Disturbi schizofrenici

I Disturbi schizofrenici sono le malattie mentali più gravi e invalidanti. Appartegono al gruppo delle psicosi  la cui caratteristica principale è la presenza di un distacco dalla realtà che può essere più o meno completo, senza che vi siano cause organiche.
Le manifestazioni principali dei Disturbi Schizofrenici sono: grave isolamento emotivo, ritiro sociale, difficoltà nella convivenza, grave angoscia, compromissione dell'autonomia e della capacità lavorativa, comparsa di deliri (cioè idee assurde che non vengono riconosciute come tali dall'utente il quale può sentirsi perseguitato o temere  di essere avvelenato), allucinazioni (il paziente può sentire delle voci che lo minacciano o lo insultano oppure può sentirsi tormentato da sensazioni fisiche che egli attribuisce all'influenza maligna di persone, spesso sconosciute).
Il paziente non è in grado di valutare correttamente il proprio stato mentale e non riconosce di avere un disturbo.   
I Disturbi schizofrenici compaiono nella tarda adolescenza soprattutto fra i 18 e i 30 anniQualche caso esordisce intorno ai 50 anni.
Il primo episodio può essere acuto e drammatico (grave agitazione, violenza verso se stesso o gli altri) tanto da rendere necessario un ricovero urgente nel reparto psichiatrico ospedaliero (SPDC). In altri casi l'esordio è insidioso e poco evidente con un progressivo isolamento che per molti anni può non essere né riconosciuto né trattato in modo adeguato.
I casi che esordicono in modo improvviso hanno migliori possibilità di recupero, soprattutto quando il funzionamento sociale prima della malattia era abbastanza soddisfacente.                                
Nella popolazione generale questi disturbi non sono rari: si ritiene che poco meno di 1 persona su 100 possa essere affetta da un disturbo schizofrenico. Nel 50% dei casi il decorso è infausto con un progressivo ritiro e grave disabilità sociale. Nel restante 50% sono possibili guarigioni quasi complete oppure disabilità moderate che possono consentire discreti livelli di autonomia e di capacità lavorativa, se adeguatamente trattati e supportati.                                                                                                                                                                               Le cause ultime dei disturbi schizofrenici sono sconosciute. Una componente biologica è necessaria, ma non sufficiente. Altrettanto importanti sono: un ambiente traumatico in età precoce, eventi traumatici successivi, abuso di droghe, problemi durante il parto (difficoltà di ossigenazione nel feto), migrazione e bruschi cambiamenti nel contesto di vita.
La presenza di disturbi psichiatrici nei familiari è un fattore di rischio importante non solo per i distrurbi schizofrenici, ma per la salute mentale nel suo complesso.     

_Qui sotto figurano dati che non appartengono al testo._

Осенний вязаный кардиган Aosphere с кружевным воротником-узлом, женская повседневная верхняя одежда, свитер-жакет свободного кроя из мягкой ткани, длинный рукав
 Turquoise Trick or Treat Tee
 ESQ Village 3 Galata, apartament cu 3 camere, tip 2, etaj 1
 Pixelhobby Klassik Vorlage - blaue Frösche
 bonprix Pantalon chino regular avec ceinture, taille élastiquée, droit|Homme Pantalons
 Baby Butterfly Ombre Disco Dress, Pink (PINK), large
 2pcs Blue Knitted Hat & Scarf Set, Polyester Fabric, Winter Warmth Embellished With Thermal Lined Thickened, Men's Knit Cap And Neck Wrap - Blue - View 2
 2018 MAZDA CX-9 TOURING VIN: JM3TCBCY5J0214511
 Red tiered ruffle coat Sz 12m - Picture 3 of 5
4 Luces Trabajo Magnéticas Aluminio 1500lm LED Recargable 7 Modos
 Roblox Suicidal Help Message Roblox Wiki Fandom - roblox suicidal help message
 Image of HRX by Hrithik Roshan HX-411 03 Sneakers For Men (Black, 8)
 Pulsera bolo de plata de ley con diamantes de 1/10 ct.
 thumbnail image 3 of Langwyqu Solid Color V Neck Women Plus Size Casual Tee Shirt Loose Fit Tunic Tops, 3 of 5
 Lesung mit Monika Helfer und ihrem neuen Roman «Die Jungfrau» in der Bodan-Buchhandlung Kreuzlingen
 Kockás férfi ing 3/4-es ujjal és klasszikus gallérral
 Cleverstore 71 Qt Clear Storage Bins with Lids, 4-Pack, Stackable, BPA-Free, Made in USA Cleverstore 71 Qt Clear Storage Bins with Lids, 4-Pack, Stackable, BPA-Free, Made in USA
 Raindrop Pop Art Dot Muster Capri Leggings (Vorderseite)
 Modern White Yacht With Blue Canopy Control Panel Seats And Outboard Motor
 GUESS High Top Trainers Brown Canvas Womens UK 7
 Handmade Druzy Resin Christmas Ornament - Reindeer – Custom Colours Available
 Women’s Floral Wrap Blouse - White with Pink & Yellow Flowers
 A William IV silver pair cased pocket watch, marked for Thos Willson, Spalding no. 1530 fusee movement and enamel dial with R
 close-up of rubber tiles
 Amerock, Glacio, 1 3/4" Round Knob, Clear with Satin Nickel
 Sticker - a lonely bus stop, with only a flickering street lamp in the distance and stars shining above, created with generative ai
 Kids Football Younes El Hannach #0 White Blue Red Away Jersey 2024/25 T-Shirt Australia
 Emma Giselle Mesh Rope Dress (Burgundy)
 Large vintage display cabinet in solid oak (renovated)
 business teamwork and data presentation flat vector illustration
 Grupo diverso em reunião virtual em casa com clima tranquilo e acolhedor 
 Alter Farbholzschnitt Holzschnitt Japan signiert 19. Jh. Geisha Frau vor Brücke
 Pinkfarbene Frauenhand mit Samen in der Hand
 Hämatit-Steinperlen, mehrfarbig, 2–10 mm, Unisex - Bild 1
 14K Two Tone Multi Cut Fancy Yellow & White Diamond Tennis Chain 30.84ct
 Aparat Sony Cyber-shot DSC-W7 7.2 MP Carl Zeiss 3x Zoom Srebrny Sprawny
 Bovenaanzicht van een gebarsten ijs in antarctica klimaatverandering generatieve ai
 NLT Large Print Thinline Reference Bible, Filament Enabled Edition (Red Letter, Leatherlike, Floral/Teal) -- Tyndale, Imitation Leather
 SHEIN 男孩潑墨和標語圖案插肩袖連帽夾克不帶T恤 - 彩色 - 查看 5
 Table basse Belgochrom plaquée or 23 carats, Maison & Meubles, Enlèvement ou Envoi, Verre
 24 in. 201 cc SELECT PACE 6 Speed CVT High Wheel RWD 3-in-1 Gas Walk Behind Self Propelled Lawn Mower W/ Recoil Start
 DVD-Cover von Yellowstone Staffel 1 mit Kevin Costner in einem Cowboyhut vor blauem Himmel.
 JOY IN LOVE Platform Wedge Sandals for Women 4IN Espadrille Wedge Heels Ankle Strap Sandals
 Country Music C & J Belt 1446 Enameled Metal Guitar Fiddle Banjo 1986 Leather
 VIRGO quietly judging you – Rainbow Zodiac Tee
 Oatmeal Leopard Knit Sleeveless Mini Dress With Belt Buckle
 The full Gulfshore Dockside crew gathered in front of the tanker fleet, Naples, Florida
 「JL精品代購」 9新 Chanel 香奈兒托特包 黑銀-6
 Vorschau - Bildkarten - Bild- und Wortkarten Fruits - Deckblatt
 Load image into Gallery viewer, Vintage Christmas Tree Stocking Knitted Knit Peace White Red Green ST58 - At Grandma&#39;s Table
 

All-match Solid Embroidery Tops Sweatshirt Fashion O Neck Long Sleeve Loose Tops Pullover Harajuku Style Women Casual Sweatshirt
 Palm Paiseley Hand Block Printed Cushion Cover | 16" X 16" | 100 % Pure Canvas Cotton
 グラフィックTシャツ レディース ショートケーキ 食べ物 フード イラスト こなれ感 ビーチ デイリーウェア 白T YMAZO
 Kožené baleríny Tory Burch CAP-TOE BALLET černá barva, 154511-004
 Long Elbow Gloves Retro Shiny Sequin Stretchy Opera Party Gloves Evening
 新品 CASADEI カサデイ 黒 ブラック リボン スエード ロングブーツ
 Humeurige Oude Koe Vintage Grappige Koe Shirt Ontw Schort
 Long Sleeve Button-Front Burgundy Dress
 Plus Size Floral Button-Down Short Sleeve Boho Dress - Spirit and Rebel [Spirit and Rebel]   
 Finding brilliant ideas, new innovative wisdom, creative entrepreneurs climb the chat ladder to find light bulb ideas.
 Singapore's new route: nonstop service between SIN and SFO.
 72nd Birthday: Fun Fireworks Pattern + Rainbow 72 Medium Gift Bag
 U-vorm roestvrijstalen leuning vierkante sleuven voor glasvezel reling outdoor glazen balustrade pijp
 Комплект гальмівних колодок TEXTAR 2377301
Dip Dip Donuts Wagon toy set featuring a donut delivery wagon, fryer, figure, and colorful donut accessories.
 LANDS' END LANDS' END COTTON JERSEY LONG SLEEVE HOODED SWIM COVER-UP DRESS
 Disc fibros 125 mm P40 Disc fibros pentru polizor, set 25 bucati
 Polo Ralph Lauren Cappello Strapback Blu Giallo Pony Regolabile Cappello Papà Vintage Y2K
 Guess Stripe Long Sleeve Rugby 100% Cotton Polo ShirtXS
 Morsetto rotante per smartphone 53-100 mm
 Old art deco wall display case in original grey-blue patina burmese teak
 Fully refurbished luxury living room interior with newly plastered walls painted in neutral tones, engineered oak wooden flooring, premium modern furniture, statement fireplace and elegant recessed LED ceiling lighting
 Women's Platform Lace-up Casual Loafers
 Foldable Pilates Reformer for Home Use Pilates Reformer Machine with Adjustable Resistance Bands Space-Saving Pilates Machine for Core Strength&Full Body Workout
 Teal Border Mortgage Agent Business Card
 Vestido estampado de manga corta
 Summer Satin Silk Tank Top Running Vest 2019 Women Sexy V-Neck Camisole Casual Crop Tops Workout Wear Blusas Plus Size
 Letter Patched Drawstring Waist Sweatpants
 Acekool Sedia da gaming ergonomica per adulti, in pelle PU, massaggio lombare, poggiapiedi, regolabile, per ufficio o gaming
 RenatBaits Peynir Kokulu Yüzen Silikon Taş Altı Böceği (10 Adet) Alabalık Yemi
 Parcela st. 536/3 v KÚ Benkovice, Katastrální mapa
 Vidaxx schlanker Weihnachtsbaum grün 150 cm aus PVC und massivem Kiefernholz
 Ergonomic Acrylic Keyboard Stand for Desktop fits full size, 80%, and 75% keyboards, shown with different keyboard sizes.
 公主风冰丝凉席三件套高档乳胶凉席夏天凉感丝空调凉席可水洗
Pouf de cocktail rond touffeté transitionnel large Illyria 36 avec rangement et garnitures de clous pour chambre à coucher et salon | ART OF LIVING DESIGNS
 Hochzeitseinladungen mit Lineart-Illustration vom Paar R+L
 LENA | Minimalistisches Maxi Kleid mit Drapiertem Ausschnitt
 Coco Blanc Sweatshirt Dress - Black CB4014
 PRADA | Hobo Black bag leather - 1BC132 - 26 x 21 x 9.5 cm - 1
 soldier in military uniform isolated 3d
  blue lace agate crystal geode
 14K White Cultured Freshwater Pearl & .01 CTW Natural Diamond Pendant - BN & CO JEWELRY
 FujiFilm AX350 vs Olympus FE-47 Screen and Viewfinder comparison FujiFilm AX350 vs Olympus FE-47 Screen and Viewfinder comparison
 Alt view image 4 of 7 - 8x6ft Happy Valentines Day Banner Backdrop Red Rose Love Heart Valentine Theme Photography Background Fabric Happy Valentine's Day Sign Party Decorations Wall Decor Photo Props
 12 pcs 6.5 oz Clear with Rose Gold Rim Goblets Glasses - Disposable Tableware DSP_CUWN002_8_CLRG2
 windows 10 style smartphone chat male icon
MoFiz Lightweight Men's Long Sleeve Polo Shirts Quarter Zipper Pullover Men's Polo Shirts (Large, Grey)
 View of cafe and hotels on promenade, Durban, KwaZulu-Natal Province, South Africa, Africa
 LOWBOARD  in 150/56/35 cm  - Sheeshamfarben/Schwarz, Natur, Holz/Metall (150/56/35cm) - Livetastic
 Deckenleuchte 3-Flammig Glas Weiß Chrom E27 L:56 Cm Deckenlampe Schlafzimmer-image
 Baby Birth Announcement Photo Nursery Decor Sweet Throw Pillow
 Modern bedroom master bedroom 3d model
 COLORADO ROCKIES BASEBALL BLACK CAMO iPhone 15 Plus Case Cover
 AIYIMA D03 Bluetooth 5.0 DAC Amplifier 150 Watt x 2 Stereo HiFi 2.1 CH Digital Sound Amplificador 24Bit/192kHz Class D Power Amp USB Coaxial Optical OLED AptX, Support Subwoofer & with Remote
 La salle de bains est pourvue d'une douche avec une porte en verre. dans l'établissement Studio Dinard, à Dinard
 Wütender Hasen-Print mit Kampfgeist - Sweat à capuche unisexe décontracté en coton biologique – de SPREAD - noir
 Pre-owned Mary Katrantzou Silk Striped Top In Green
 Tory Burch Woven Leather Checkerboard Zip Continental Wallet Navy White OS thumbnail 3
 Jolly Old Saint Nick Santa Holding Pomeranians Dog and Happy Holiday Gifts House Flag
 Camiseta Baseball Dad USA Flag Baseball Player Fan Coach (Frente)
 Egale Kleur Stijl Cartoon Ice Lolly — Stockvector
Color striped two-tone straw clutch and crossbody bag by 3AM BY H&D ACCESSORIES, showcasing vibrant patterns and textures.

Cosa fare chiudi dettagli apri dettagli

È importante di distinguere quattro momenti: prima della comparsa del disturbo, durante l'esplosione della sintomatologia,la fase di recupero e la fase di stabilizzazione.

  • Nella fase che precede il disturbo compare spesso un ritiro sociale ed un evidente peggioramento nel funzionamento sociale accompagnato a volte dalla comparsa di idee insolite. In questa fase è fondamentale che i familiari o gli insegnanti (se si tratta di uno studente o di una studentessa) informino immediatamente il medico di base e si consultino con gli specialisti del CSM di zona o gli specialisti dell'età evolutiva (dai 15 ai 25 anni) del nostro DSM. Una diagnosi precoce ed un intervento intensivo sono fondamentali per un buon esito. 
  • Nella fase in cui il disturbo si manifesta in modo chiaro abbiamo due possibilità. Se la comparsa è brusca e improvvisa e se il paziente rifiuta di essere curato è necessario ricorrere ad un ricovero in SPDC, anche obbligatoriamente con un Trattamento Sanitario Obbligatorio (TSO). Se la comparsa è insidiosa con un grave ritiro da ogni relazione è necessario costruire un rapporto e coinvolgere il paziente in una relazione terapeutica. In entrambi i casi, ancora una volta, bisogna consultare il CSM di Zona e attivare il 118 quando il paziente ha comportamenti gravi e pericolosi
  • Nella fase del recupero e di stabilizzazione è necessario attivare il CSM per iniziare immediatamente un trattamento terapeutico-riabilitativo utilizzando le Strutture Residenziali (le comunità terapeutiche) e Semiresidenziali (il Centro Diurno per favorire la risocializzazione. 
  • Nella fase di stabilizzazione il disturbo si è come cronicizato e l'obiettivo principale è impedire che il paziente si distacchi ancor di più dalla realtà. Questo è possibile attraverso una relazione di supporto che aiuti il paziente a recuperare, quanto più è possibile, un funzionamento sociale adeguato. Anche in questo caso il CSM, la Comunità Terapeutica, il Centro Diurno ed i supporti sociali (inserimento lavorativo, supporto all'abitare, attività risocializzanti) sono i principali strumenti di intervento.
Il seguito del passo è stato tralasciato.